No Free Lunches Be Damned, by MN Gordon

From MN Gordon at

“There ain’t no such thing as a free lunch,” is one of the essential axioms of economics. No doubt about it, there’s no getting around this simple truth. Everything has a price.

For example, even if someone buys you lunch the lunch still isn’t free. The opportunity cost, your time to eat the lunch when you could’ve been doing something else, has a price. In addition, even if you don’t consider your time a cost, there’s no denying the fact that someone paid for the lunch. Hence, it wasn’t free.

Nonetheless, despite this simple fact, politicians promise free lunches for the many at the expense of the few. This offense is especially on display during a presidential primary election. Free college. Free drugs. Free housing. Free food.

You name it, there’s hardly a lunch out there this season’s crop of presidential candidates haven’t already laid claim to. This is what they must do to get elected. This is how presidential politics works in a democracy.

We don’t like it. We don’t agree with it. But what we think really doesn’t matter. The facts are lucidly clear. On the national level, the populace has shown for the last 80 years – or more – that they’ll vote for whatever candidate promises the most stuff for free.

Nothing for Something

The politicians know there’s no such thing as a free lunch. But they also know that modern day economic policy is predicated on financing government programs through ever expanding debt. This means someone else, perhaps you, will have to pick the tab.

The Federal Reserve makes it all possible by creating enormous amounts of central bank credit, which is then loaned to the government. This also has the secondary effect of debasing the currency. Obviously, the Treasury welcomes this ongoing dilution of value. Over time it lightens the debt burden and allows them to make good on yesterday’s promises with a currency of diminishing value.

For extended periods this may seem to work remarkably well, on the surface. Spendthrift politicians get elected. The populace collects their ‘entitlements.’ Lunches appear to be free.

When an economy’s demographics are young, and growth is strong, the price of lunches looks minimal. The miracle of getting something for nothing seems possible. But as the economy ages, and growth peters out, debt levels become unsustainable.

Eventually, the bill comes due. The lunches must be paid for. Instead of something for nothing, the populace now gets nothing for something.

In other words, the credit expansion reaches its natural limits when the economy can no longer service the debt. That’s when a breakdown, government default, and depression, must occur to purge the debt – the rot – from the system. Prices, assets, and wages are readjusted so they are in line with the economy. Unproductive activities vanish. New, useful, undertakings rise from the ashes.

To continue reading: No Free Lunches Be Damned


One response to “No Free Lunches Be Damned, by MN Gordon

  1. What is most troubling is that a boom based on a credit bubble has two interesting, related effects:
    1. It allows people to “have their cake” (create an asset in the form of an IOU) and eat it too (consume the value of that asset in real time.)

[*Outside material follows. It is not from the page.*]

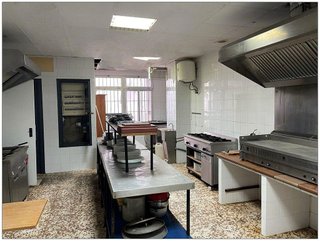 Local comercial en venta en Punta Umbría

    2. This has the paradoxical effect of over-consuming the present while dreaming of imaginary wealth to come in the future, with the “dream” being deemed 100% good-as-gold.

    People are thus happier (presumably, consuming that which others produced) yet simultaneously feel richer in the aggregate, by holding the IOU’s for future wealth (not yet produced) to be delivered.

    It is not possible to hold title to something that does not yet exist. It is also not possible to consume that which has not yet been produced. Therefore the entire charade is nothing but a rationalization for gluttony, akin to saying “I can eat two dinners now because I promise to exercise really, really hard tomorrow” while imagining how buff you’ll be after that exercise.

    This also warps the structure of production away from producing and maintaining capital goods (those necessary to producing the goods and services of tomorrow) in favor of production of straight commodities for consumption now.

    I once wrote a column using an imaginary town with a dominant industry, swimming pool installation, to illustrate this dynamic.

    My point is that after 46 years (give or take) of false economic signals, tens of millions of people are undoubtedly engaged in occupations and industries for which demand is largely artificial. The poster child for this is medical services (and associated 3rd party payment systems), for which I estimate 75% or more of demand is split between hypochondria and Munchhausen’s Syndrome while the cost of the remaining 25% is at least 1000% higher than a market would tolerate.

    Yet here we are, still waiting for the sky to fall.

    This Chicken Little is phenomenally, existentially tired of running around without his head.